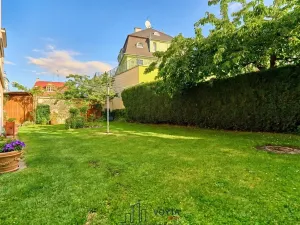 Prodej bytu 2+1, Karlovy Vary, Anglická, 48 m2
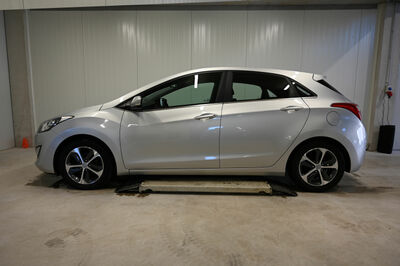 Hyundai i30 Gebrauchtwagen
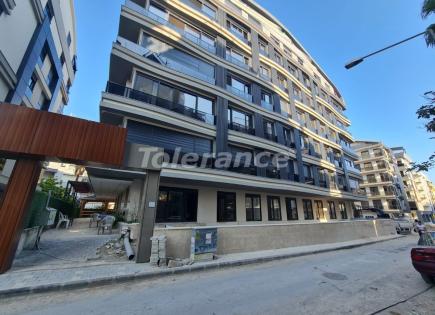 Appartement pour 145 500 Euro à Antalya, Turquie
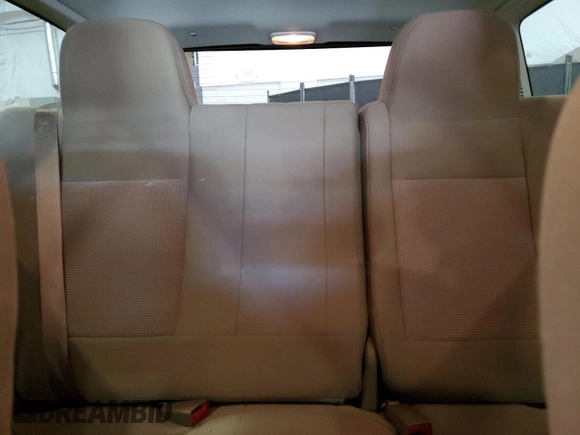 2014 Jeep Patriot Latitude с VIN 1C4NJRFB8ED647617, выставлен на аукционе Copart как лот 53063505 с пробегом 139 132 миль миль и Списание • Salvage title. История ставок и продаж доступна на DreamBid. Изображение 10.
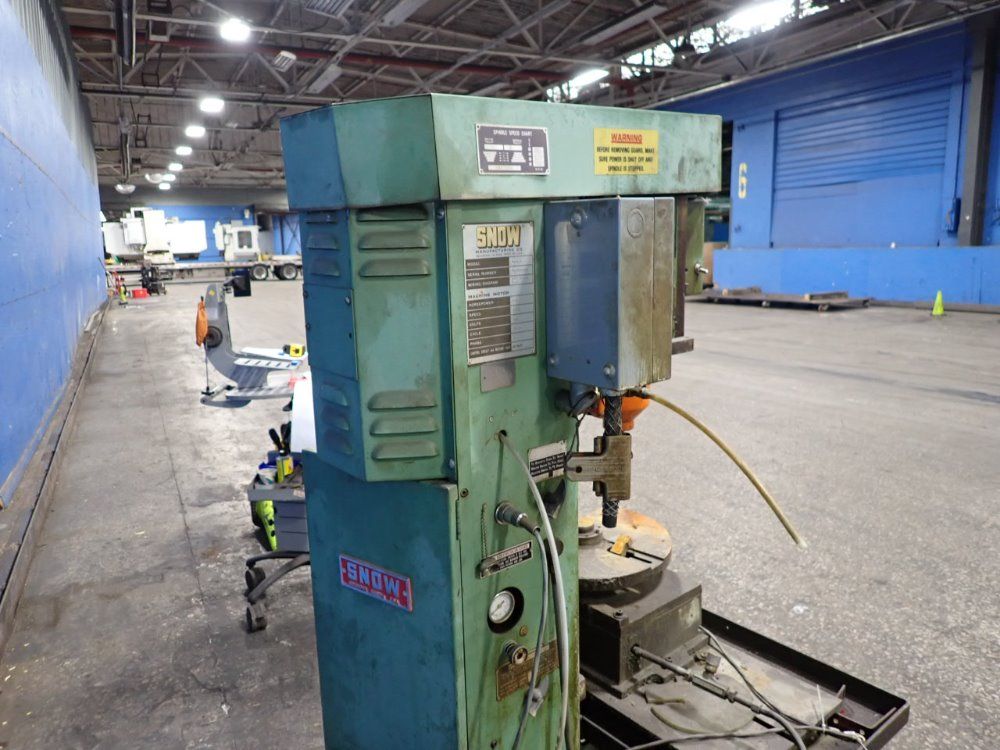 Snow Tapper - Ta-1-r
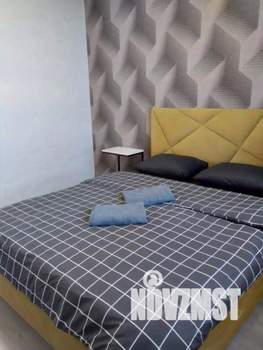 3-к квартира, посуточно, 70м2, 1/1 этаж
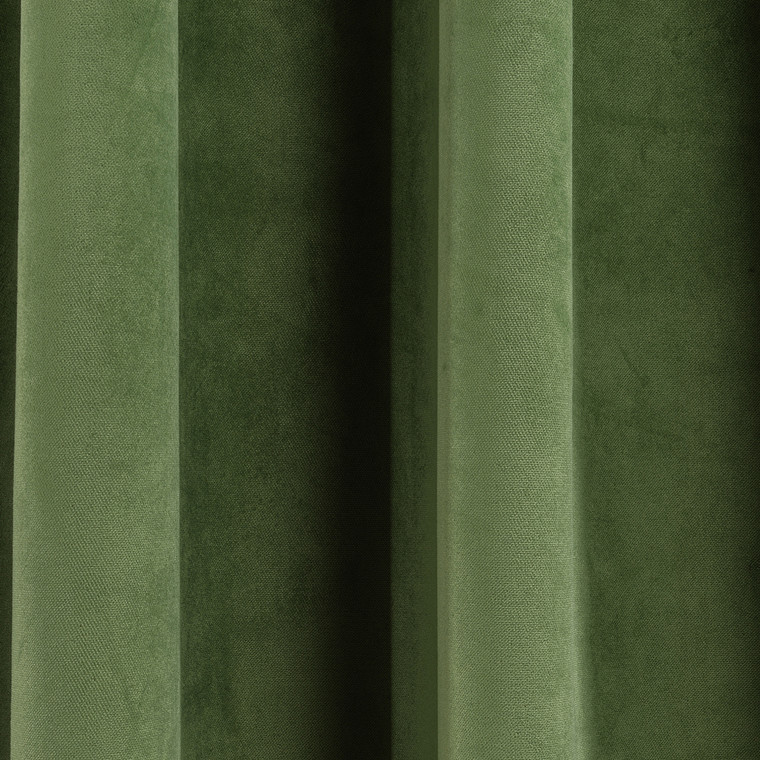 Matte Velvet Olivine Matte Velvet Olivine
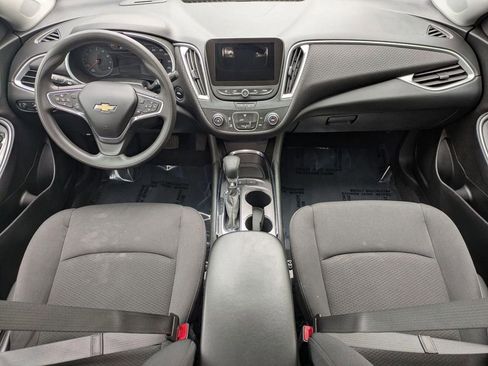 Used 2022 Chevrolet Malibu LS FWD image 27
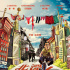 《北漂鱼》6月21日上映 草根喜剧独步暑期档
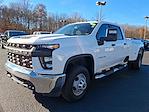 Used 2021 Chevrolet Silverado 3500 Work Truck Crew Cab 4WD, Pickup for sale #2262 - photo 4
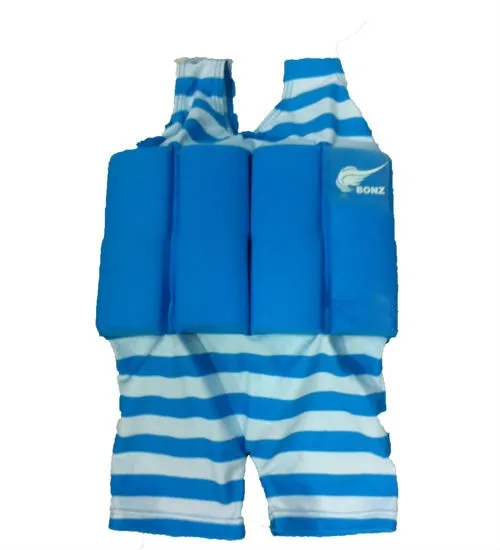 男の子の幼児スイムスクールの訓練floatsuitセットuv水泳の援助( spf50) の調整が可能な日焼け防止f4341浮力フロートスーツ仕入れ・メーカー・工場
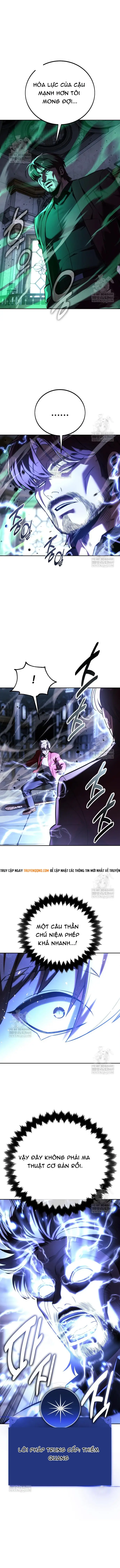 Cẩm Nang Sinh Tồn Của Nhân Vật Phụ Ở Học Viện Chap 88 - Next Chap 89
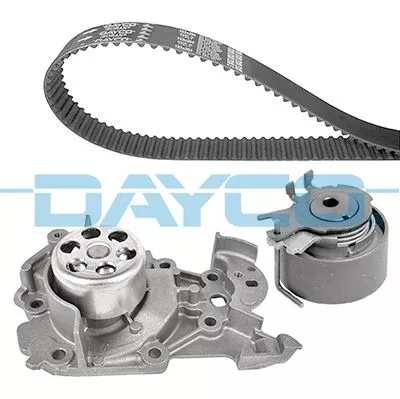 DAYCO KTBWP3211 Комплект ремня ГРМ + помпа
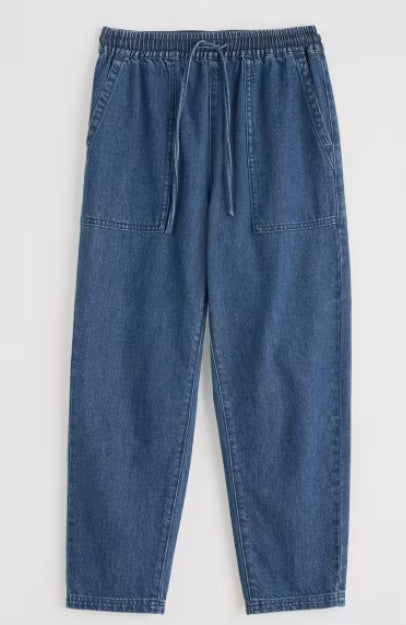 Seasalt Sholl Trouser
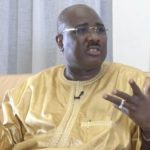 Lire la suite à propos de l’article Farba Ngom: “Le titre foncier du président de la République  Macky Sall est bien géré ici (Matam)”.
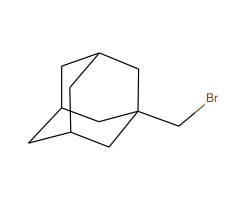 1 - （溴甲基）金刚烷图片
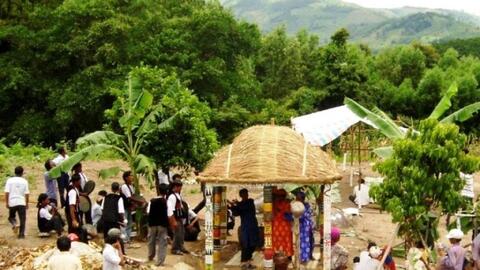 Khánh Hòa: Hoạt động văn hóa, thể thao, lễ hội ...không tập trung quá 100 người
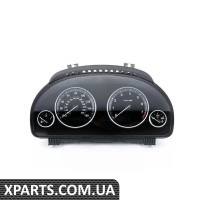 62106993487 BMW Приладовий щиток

Required action> The whole listing is to be retyped exactly, with its pictures removed.

Task result>
 Prodej bytu 2+1, Karlovy Vary, Anglická, 48 m2
 Hyundai i30 Gebrauchtwagen
 Appartement pour 145 500 Euro à Antalya, Turquie
 2014 Jeep Patriot Latitude с VIN 1C4NJRFB8ED647617, выставлен на аукционе Copart как лот 53063505 с пробегом 139 132 миль миль и Списание • Salvage title. История ставок и продаж доступна на DreamBid. Изображение 10.
 Snow Tapper - Ta-1-r
 3-к квартира, посуточно, 70м2, 1/1 этаж
 Matte Velvet Olivine Matte Velvet Olivine
 Used 2022 Chevrolet Malibu LS FWD image 27
 《北漂鱼》6月21日上映 草根喜剧独步暑期档
 Used 2021 Chevrolet Silverado 3500 Work Truck Crew Cab 4WD, Pickup for sale #2262 - photo 4
 男の子の幼児スイムスクールの訓練floatsuitセットuv水泳の援助( spf50) の調整が可能な日焼け防止f4341浮力フロートスーツ仕入れ・メーカー・工場
 Cẩm Nang Sinh Tồn Của Nhân Vật Phụ Ở Học Viện Chap 88 - Next Chap 89
 DAYCO KTBWP3211 Комплект ремня ГРМ + помпа
 Seasalt Sholl Trouser
 Lire la suite à propos de l’article Farba Ngom: “Le titre foncier du président de la République  Macky Sall est bien géré ici (Matam)”.
 1 - （溴甲基）金刚烷图片
 Khánh Hòa: Hoạt động văn hóa, thể thao, lễ hội ...không tập trung quá 100 người
 62106993487 BMW Приладовий щиток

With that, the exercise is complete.